San Francisco Surrenders Over Mobile Phone Radiation Law
The city of San Francisco has reluctantly agreed to revoke a local law demanding radiation warnings on mobile phones
The question of whether mobile phones cause brain tumours has been thrust back into the limelight after the city of San Francisco reluctantly agreed to drop a controversial ‘radiation labelling scheme’ for new mobile phones.
The city had proposed a local law requiring retailers to warn consumers about the radiation levels of the mobile handsets they are buying. The mobile phone industry argued in court that there was no evidence of harm from phones, and the law – which would have been the first of its kind in the US – has been withdrawn. However, the decision to back down seems to be a result of legal costs, rather than a resolution of fears about phone radiation.
Radiation Surrender
According to Reuters, the city’s Board of Supervisors voted on Tuesday to settle a lawsuit with the Cellular Telecommunications Industry Association, a trade body which represents most of the mobile phone operators in the United States.
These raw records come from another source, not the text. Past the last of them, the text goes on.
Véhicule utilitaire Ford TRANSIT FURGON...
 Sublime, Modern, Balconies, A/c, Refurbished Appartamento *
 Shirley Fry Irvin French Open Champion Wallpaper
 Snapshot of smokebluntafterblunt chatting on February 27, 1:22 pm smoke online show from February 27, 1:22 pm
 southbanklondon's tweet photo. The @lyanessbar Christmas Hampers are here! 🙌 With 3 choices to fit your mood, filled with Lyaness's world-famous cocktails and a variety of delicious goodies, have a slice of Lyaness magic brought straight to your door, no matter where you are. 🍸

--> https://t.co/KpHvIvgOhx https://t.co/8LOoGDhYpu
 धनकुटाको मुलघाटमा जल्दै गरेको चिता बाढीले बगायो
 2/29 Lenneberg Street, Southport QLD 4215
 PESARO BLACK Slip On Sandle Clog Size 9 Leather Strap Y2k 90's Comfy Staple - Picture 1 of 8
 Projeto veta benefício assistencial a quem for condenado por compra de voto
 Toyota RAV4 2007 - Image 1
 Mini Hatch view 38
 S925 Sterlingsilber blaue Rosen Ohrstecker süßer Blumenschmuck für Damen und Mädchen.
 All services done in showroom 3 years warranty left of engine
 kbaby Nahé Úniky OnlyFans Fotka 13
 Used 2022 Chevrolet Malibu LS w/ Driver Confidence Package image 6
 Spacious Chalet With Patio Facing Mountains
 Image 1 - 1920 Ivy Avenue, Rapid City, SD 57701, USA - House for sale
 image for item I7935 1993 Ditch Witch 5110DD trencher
San Francisco reluctantly accepted a permanent injunction against the right-to-know cell phone ordinance, after the trade body successfully argued in court that the law violated its free-speech rights. The city said it decided to call it quits because of the costs associated with continuing to fight the case.
“This is just a terrible blow to public health,” Ellen Marks, an advocate for the measure was quoted as saying outside the supervisors’ chambers. She said her husband suffers from a brain tumour on the same side of his head to which he most often held his mobile phone.
The mobile industry trade body had argued that the San Francisco ordinance, if put into effect, would have misled consumers about the relative risks posed by mobile phones and contradicted the FCC’s determination that all wireless phones legally sold in the Unites States are safe.
Too Costly
It seems that San Francisco’s decision was based on the likely legal costs involved in pursuing this legal battle against the mobile phone industry, and not because it has been convinced of the safety of phones.
Deputy City Attorney Vince Chhabria was quoted by Reuters as saying that a federal appeals court decision last year upholding a preliminary injunction against the measure, signalled that trying to win the case at trial would be a long shot for San Francisco.
If the city lost, a judge could have awarded the industry group as much as $500,000 (£321,667) in attorneys’ fees, he said.
Supervisor David Campos also reluctantly supported the settlement: “I think the legal reality is that if we don’t approve the settlement, we’re talking about having to pay $500,000 in legal fees,” he was quoted as saying.
The Californian city adopted the local ordnance back in June 2010, when the San Francisco Board of Supervisors voted overwhelmingly in favour of a bill requiring mobile phone retailers to display the amount of radiation that was emitted by each phone they sell.
This meant that mobile phones sold in San Francisco would have had to carry health warnings like those found on cigarette packets. Other US states, such as Maine, have in the past closely followed the San Francisco stance.
However the San Francisco ordnance was blocked by a US judge before it could be implemented.
Radiation Scaremongering?
The question of whether mobile phones cause brain tumours has been hotly debated in recent years.
Yet for years now, some people have argued that there has been a rise in the number of brain tumours in recent decades as more and more people use mobile phones. But there is no concrete evidence for this, and study after study has dismissed any such link. Critics and the mobile industry say that health campaigners are simply scaremongering.
Powerwatch, a pressure group which investigates the safety of mobile phones, has previously urged mobile phone companies to more prominently display radiation health warnings. And campaigners have pointed to the World Health Organization, whose cancer experts hedged their bets back in 2011, saying that mobile phones were “possibly carcinogenic”, despite there being no clear scientific evidence to suggest a link between cancer and mobile phone use.
Reuters quoted Dr. Gabriel Zada, a neurosurgery professor at the University of Southern California’s Keck School of Medicine, who found in a 2012 study that the age-adjusted incidence of malignant tumours in the parts of the brain closest to where people hold their phones rose significantly from 1992 and 2006 in California. But Zada told Reuters he could not draw any conclusions about the dangers of cell phones from his findings.
But this is countered by another analysis by Dr Isabelle Deltour of the Institute of Cancer Epidemiology, Danish Cancer Society, in Copenhagen, which looked at brain tumour occurrences in Scandinavian countries from the mid 1970s to the early 2000s. It found no substantial change in brain tumour rates in adults, 5 to 10 years after mobile phone usage rose sharply in the 1990s.
Last year, an independent report from the Health Protection Agency (HPA) also found no conclusive evidence that the radiation emitted from mobile phones poses any health risks, but advised children not to use them too much, to be on the safe side. That report was based on a major survey of all the scientific evidence currently available.
Worried smartphone users can however now download an app designed to show how much ‘non-ionising radiation’ their smartphone is producing.